Work to complete
Reproduce the data that follows character for character, but omit its pictures.

Supplied information

--------------------------------

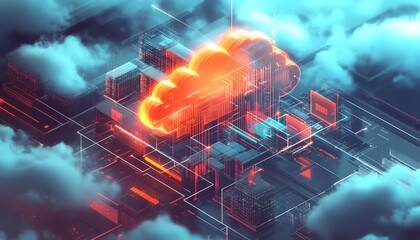 Leinwandbilder - Digital transformation acceleration depicted through a cloud illustration, highlighting businesses embracing cloudbased solutions for improved agility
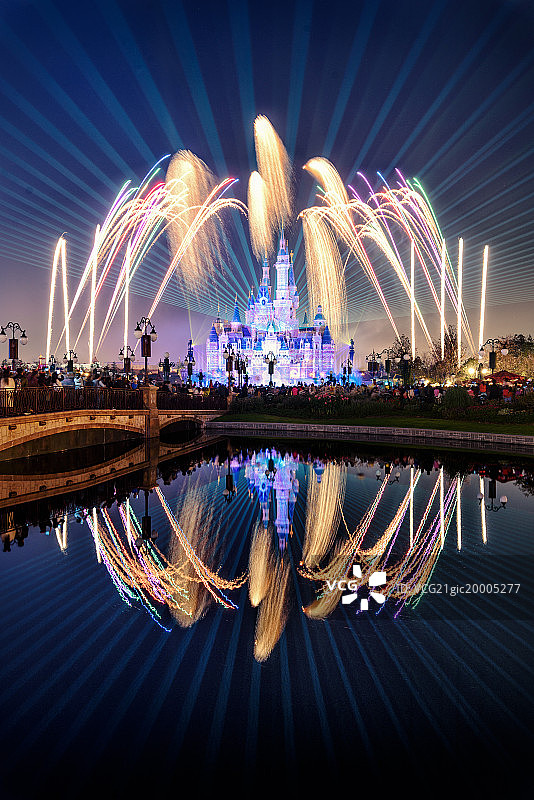 上海迪士尼烟花图片素材
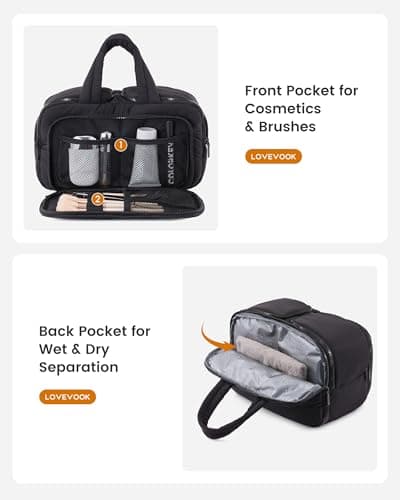 LOVEVOOK Travel Toiletry Bags for Women, Large Capacity & Wide-Open Make Up Bag, Lightweight Puffer Cosmetic Makeup Organiser Wash Bag with Handle for Toiletries, Accessories, Essentials, Black — view 5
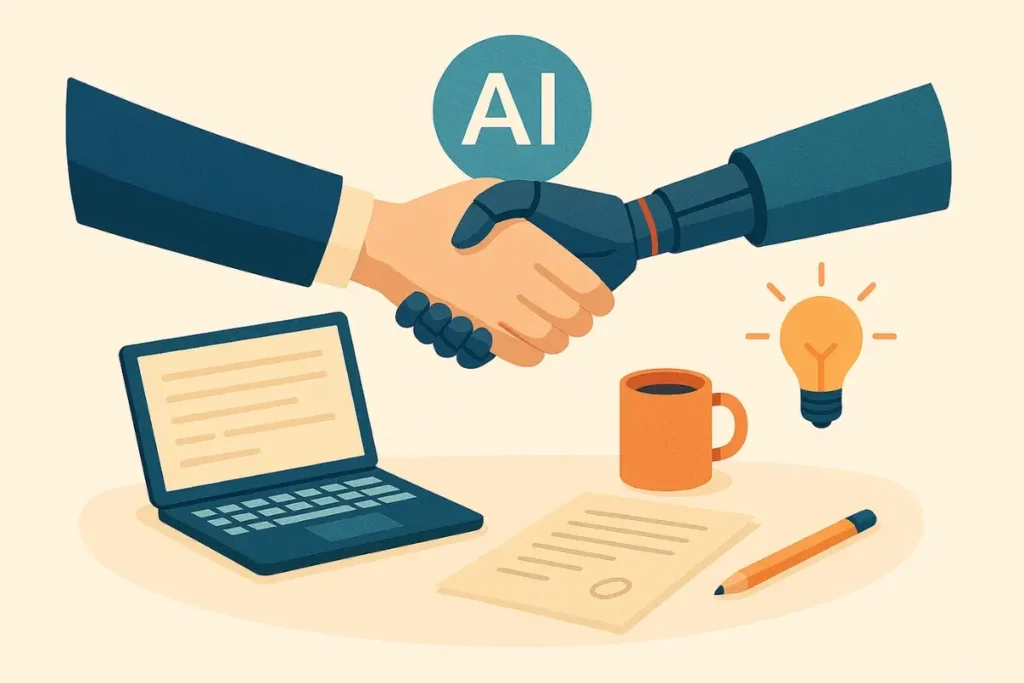 صورة توضح التعاون بين الإنسان والذكاء الاصطناعي في بيئة العمل، مع عناصر مثل اللابتوب والمصباح للدلالة على الإبداع والإنتاجية.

--------------------------------

Answer section
 Leinwandbilder - Digital transformation acceleration depicted through a cloud illustration, highlighting businesses embracing cloudbased solutions for improved agility
 上海迪士尼烟花图片素材
 LOVEVOOK Travel Toiletry Bags for Women, Large Capacity & Wide-Open Make Up Bag, Lightweight Puffer Cosmetic Makeup Organiser Wash Bag with Handle for Toiletries, Accessories, Essentials, Black — view 5
 صورة توضح التعاون بين الإنسان والذكاء الاصطناعي في بيئة العمل، مع عناصر مثل اللابتوب والمصباح للدلالة على الإبداع والإنتاجية.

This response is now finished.